Glasner, a 35-year-old graphic designer who was diagnosed with multiple sclerosis four years ago, is one of dozens of disabled people on this special strip of Rio de Janeiro beach who are conquering the waves. Men and women with cerebral palsy, Down syndrome, people missing a limb, the blind, the deaf and even the paralyzed all hit the waves here.
They all require a different kind of assistance depending on their disabilities and maneuver their boards in different ways — some standing, some on their knees, others like Glasner flat on their bellies and using their body weight to steer the boards, but every one of them emerges from the ocean beaming.
“The taste of salt water has no price,” said Glasner, who began to lose control over her legs shortly after the birth of her first child.
“It’s the taste of freedom. After you’re diagnosed with a disease like mine, you can’t even imagine you’re ever again going to experience that taste,” she said.
Glasner is able to savor that experience thanks to AdaptSurf, a non-governmental organization that aims to make beaches accessible to the disabled and encourage them to practice water sports.
In a country where the lack of ramps and working elevators, the shoddy state of sidewalks make just leaving home risky for many disabled people, lobbying for their beach accessibility may seem like a frivolity.
However, in Brazil the beach is the center of social interactions of all sorts: It’s there that families reunite, friendships are forged and couples come together or dissolve. For the disabled to be deprived of the physical benefits of the beach and all the socializing that goes on there is doubly isolating, says AdaptSurf co-founder Henrique Saraiva.
Saraiva and two friends created the organization in 2007, 10 years after a mugging left him partially paralyzed.

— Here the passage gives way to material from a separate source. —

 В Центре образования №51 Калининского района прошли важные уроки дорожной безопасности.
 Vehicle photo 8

The then-18-year-old Saraiva was cycling near his home in an upscale Rio neighborhood when he was set upon by several young men who were after his bike. One of them pulled a gun.
“I saw it and kind of froze and he fired. A single shot went in through my stomach and lodged in my spinal column,” he said. “Lying there on the street, I felt right away that I wasn’t able to move my legs.”

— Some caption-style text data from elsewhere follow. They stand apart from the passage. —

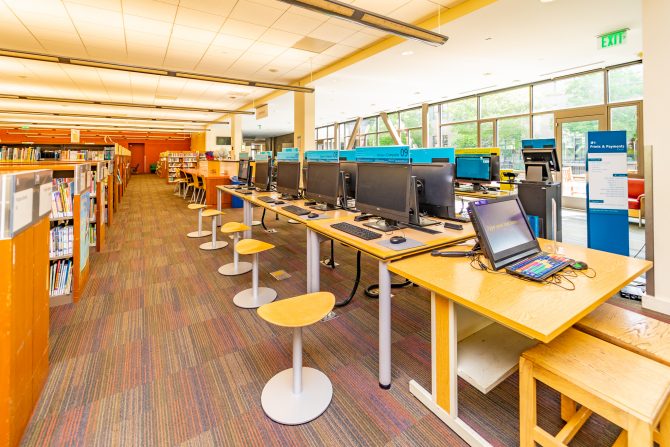 <p>Cupertino Library Downstairs Children's Computers</p>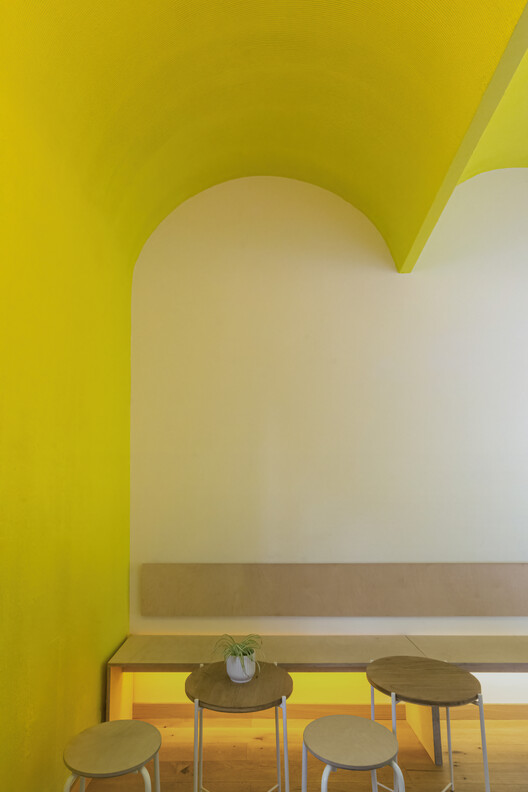 慕尼黑香蕉冰淇淋店丨德国慕尼黑丨Martino Hutz Architecture-18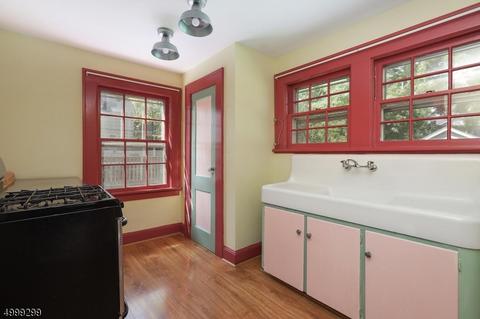 19 Bailey Rd, Millburn, NJ 07041 photo 7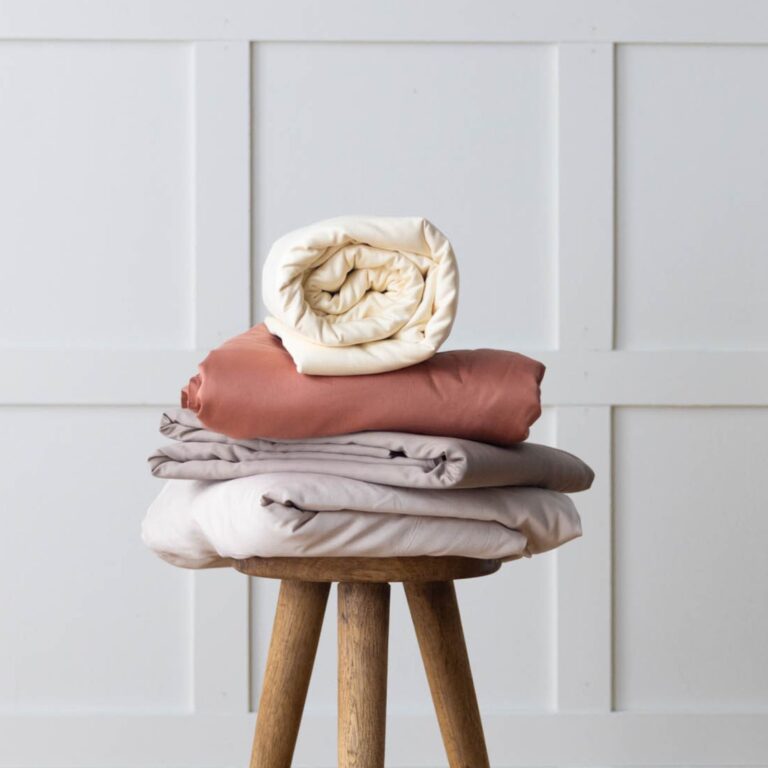 cotton-sateen-fitted-sheet-all-4-ambiance-folded-1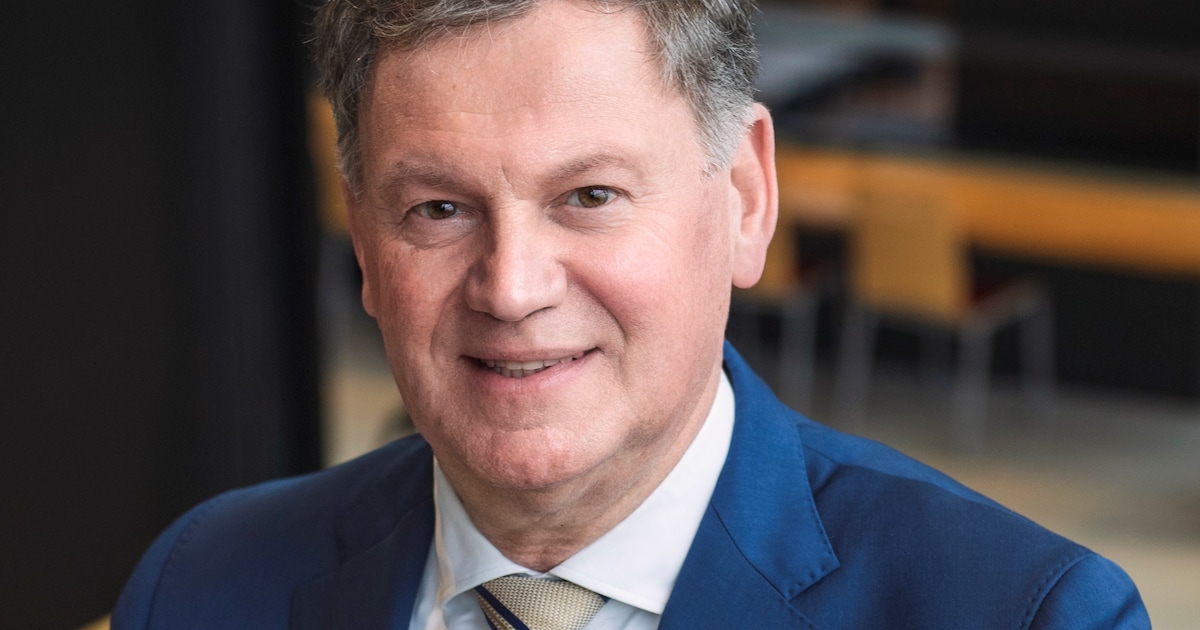Theo Hoex tijdelijk gemeentesecretaris in Bladel | Regio | ED.nl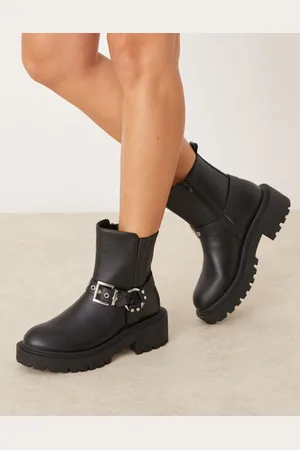 New Look Buckle biker chelsea boot in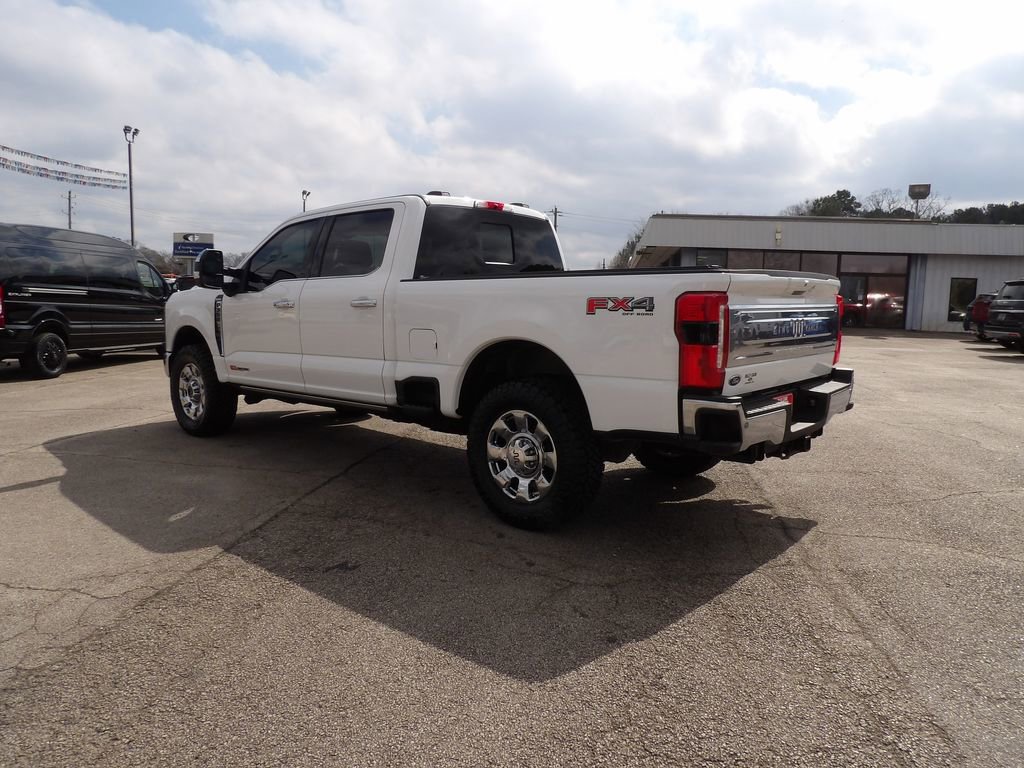 Used 2025 Ford F350 King Ranch w/ Chrome Package image 5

An extended hospitalization, a series of surgeries and months of uncertainty followed, with doctors unable to predict whether Saraiva would ever walk again. However, the physical therapy sessions paid off and Saraiva eventually traded his wheelchair for the crutches that he still uses to get around.
Despite his badly atrophied right leg, Saraiva pulled out his old board and tried to surf again.
“It was magical. The water is the one place where I can forget about my handicap,” he said.
In a bid to share that experience with others, Saraiva founded AdaptSurf with the help of two friends.
“It was really touch and go at first,” Saraiva said.
The group would show up at a designated spot on Rio’s Leblon beach with one surfboard and a couple of parasols. At first, there were just three participants, but AdaptSurf has steadily grown.
“People who spend their whole lives in a wheelchair get on a board and manage to catch a wave and their self-esteem goes through the roof,” Saraiva said.
Andre Souza, a 33-year-old who was paralyzed from the waist down in a motorcycle accident, had never surfed before he chanced upon AdaptSurf. Now, he hopes to enter Guinness World Records as the disabled surfer who has spent the most time on a wave. While the typical disabled surfer spends an average of about 10 to 15 seconds on any given wave, Souza last year spent slightly more than three minutes riding an apororoca, a giant wave that sweeps up rivers in the Amazon region.
“The first time I caught a wave I can only describe as the happiest moment in my life,” Souza said. “It’s the place where I feel the most freedom I’ve experienced since my accident. All day long, all night long, you are literally a prisoner in your chair, in your bed, in your body. I don’t have words to describe the sensation of liberty I feel on my surfboard.”